■ Aim of the task ■
Exclude any images and output the remaining records exactly.

Short web captions
- - - -
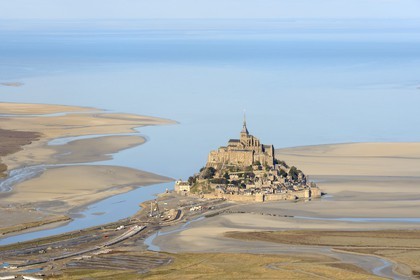 France, Manche, Bay of Mont Saint Michel, listed as World Heritage by UNESCO, Mont Saint Michel at low tide (aerial view)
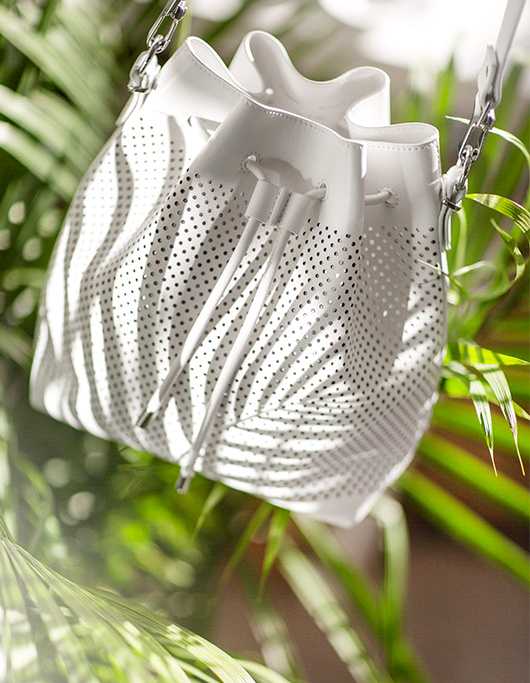 Avec sa forme seau et son cuir blanc perfor�, ce sac printanier a tout bon !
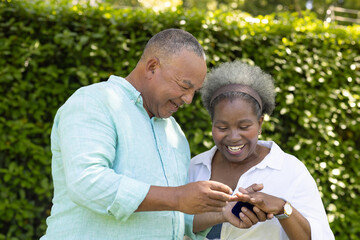 Exchanging rings and smiling, African American senior couple celebrating love in garden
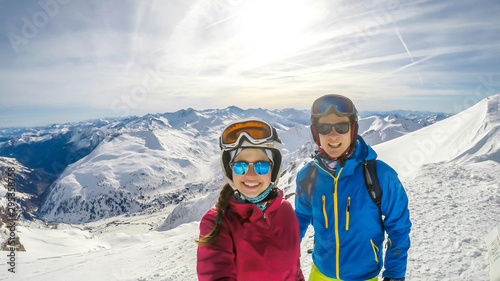 A couple in skiing outfits standing on top of a snowy mountain peak and enjoying the sunny day. Both of them are laughing and enjoying the view. Tall Alpine peaks all around the couple. Togetherness.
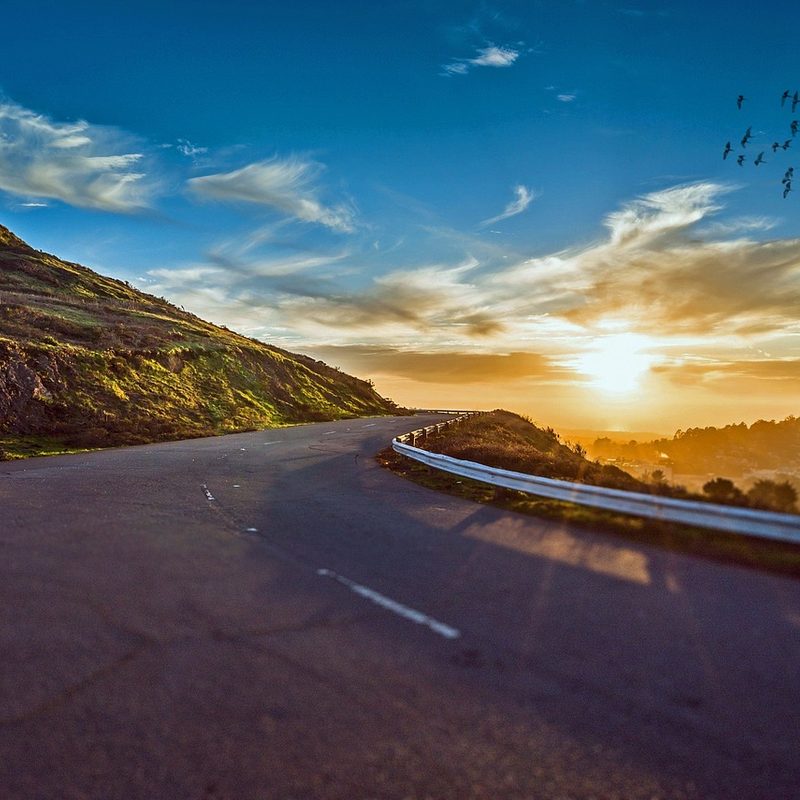 Sunset along winding road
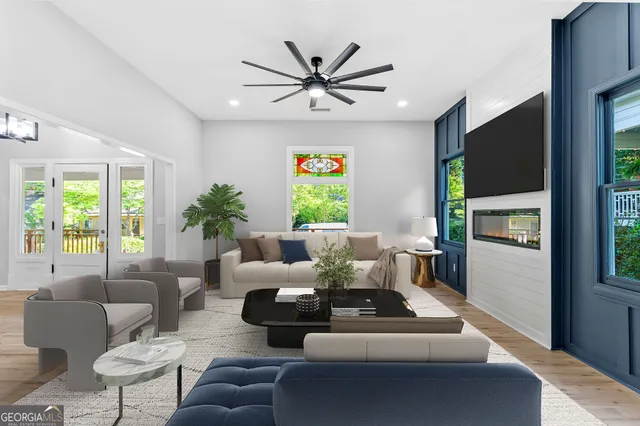 a living room with furniture a window and a flat screen tv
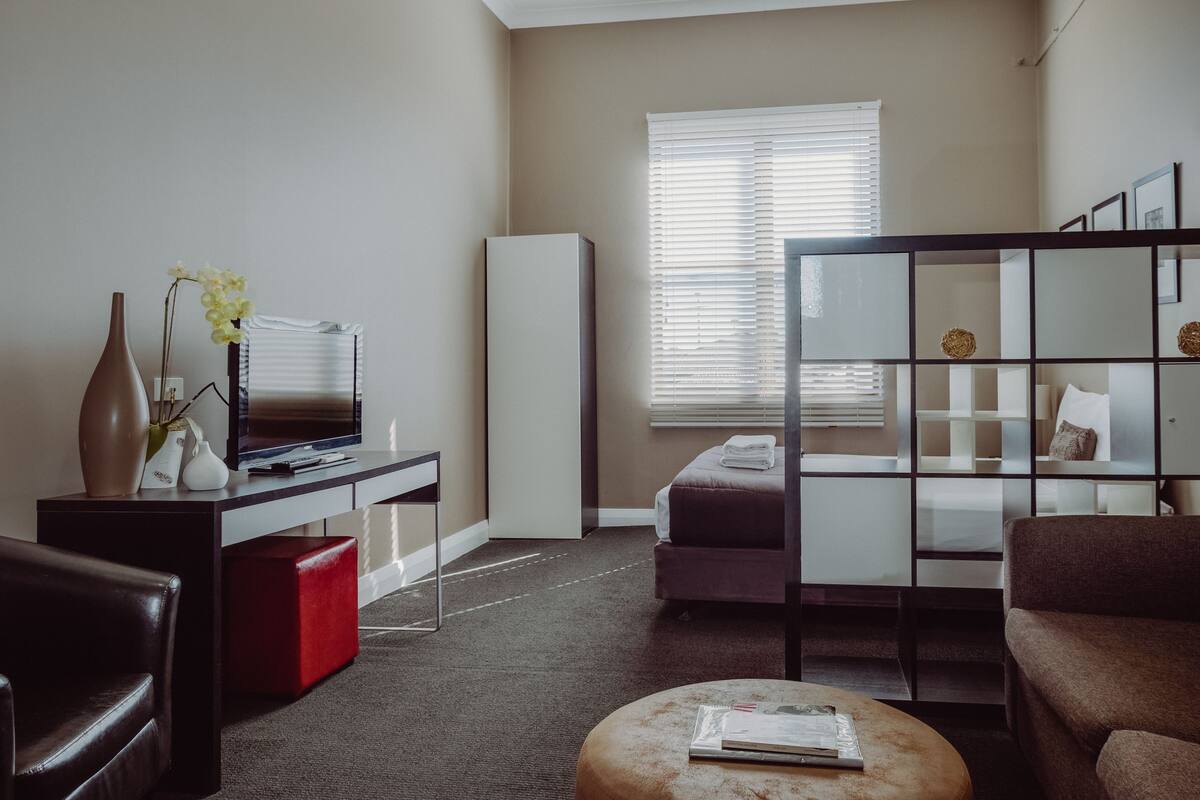 A modern living room with a flat-screen TV, a sofa, a red ottoman, and a large window with blinds.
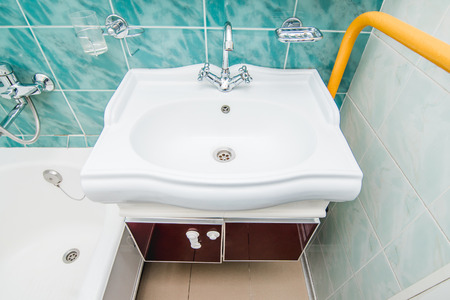 The photo of a white clean sink with the crane in the bathroomの写真素材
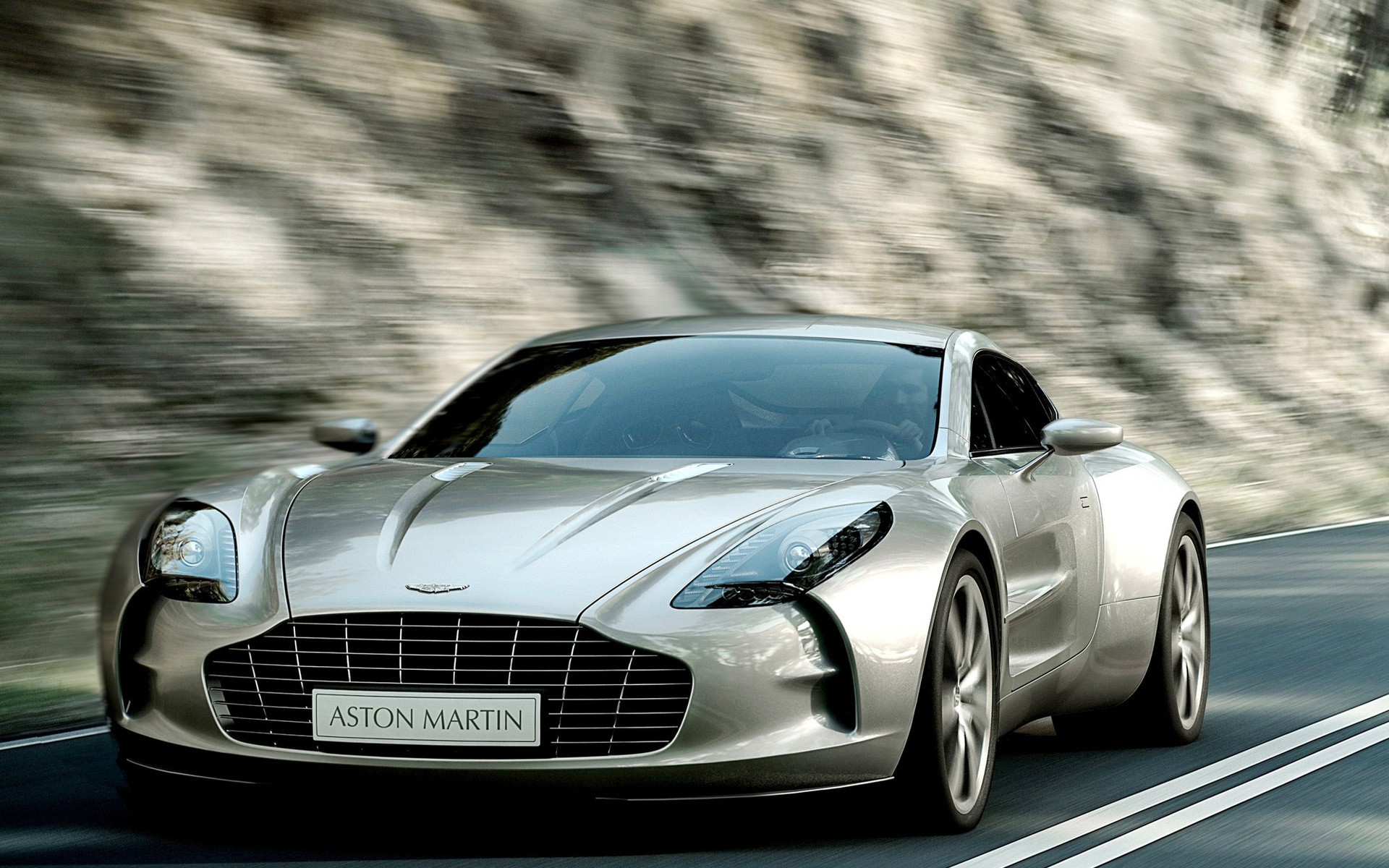 aston martin auto auto automobile veloce asfalto fretta disco nigella ruote pavimentazione sistema di trasporto coupé azione mezzogiorno aston martin coupe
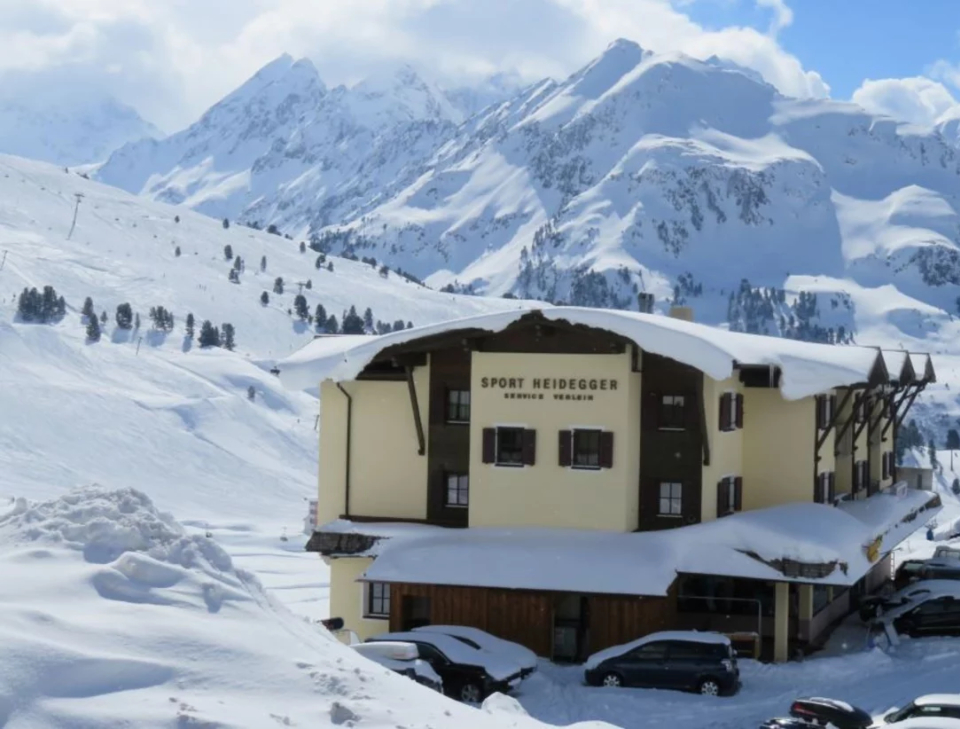 INTERSPORT Heidegger Hauptgeschäft von außen mit gelber Fassade, im Hintergrund ist die Skipiste zu sehen.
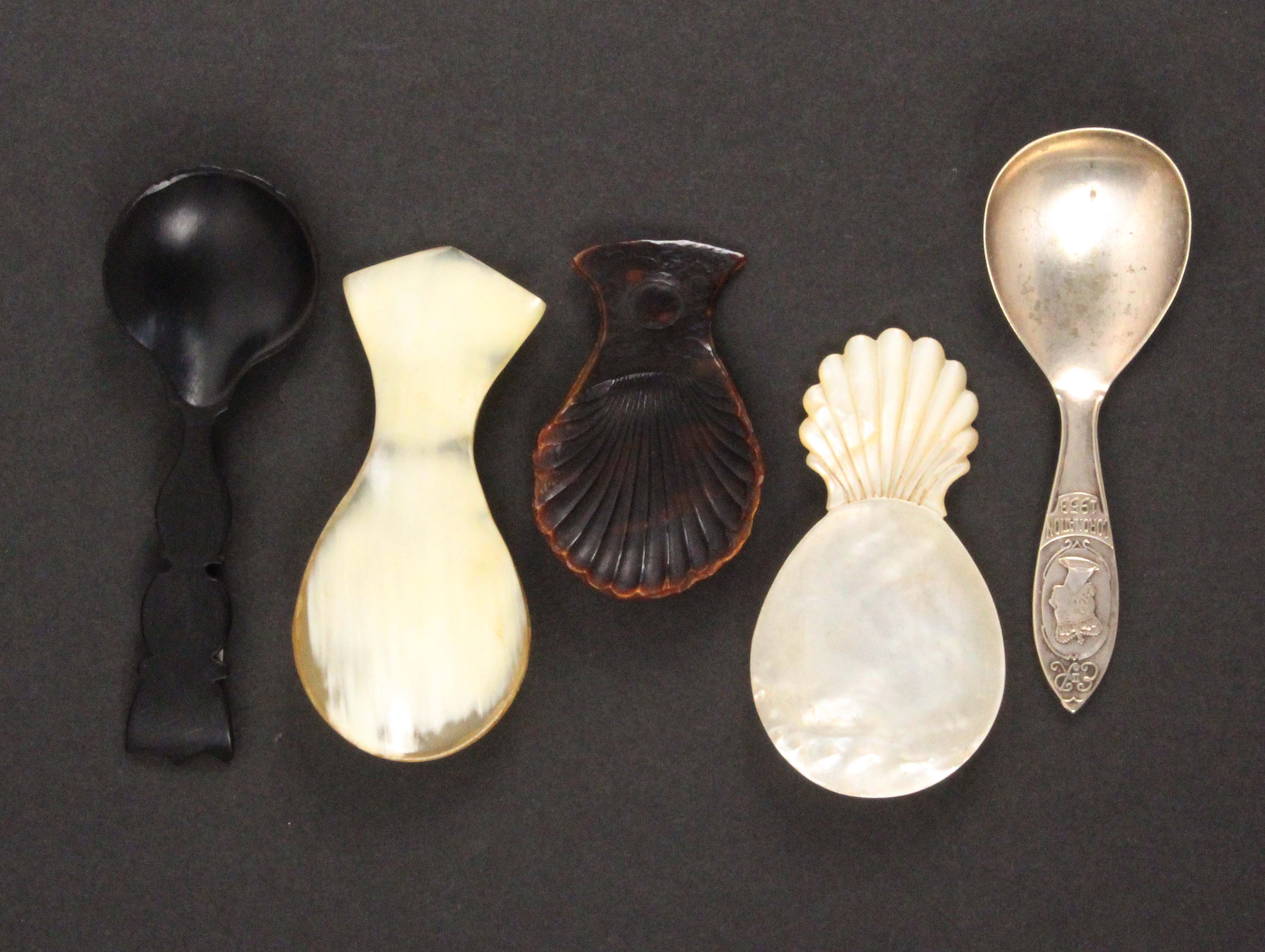 Five caddy spoons, comprising a mother of pearl example with carved handle, 7.5cms, a pressed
- - - -
■ Final answer ■
 France, Manche, Bay of Mont Saint Michel, listed as World Heritage by UNESCO, Mont Saint Michel at low tide (aerial view)
 Avec sa forme seau et son cuir blanc perfor�, ce sac printanier a tout bon !
 Exchanging rings and smiling, African American senior couple celebrating love in garden
 A couple in skiing outfits standing on top of a snowy mountain peak and enjoying the sunny day. Both of them are laughing and enjoying the view. Tall Alpine peaks all around the couple. Togetherness.
 Sunset along winding road
 a living room with furniture a window and a flat screen tv
 A modern living room with a flat-screen TV, a sofa, a red ottoman, and a large window with blinds.
 The photo of a white clean sink with the crane in the bathroomの写真素材
 aston martin auto auto automobile veloce asfalto fretta disco nigella ruote pavimentazione sistema di trasporto coupé azione mezzogiorno aston martin coupe
 INTERSPORT Heidegger Hauptgeschäft von außen mit gelber Fassade, im Hintergrund ist die Skipiste zu sehen.
 Five caddy spoons, comprising a mother of pearl example with carved handle, 7.5cms, a pressed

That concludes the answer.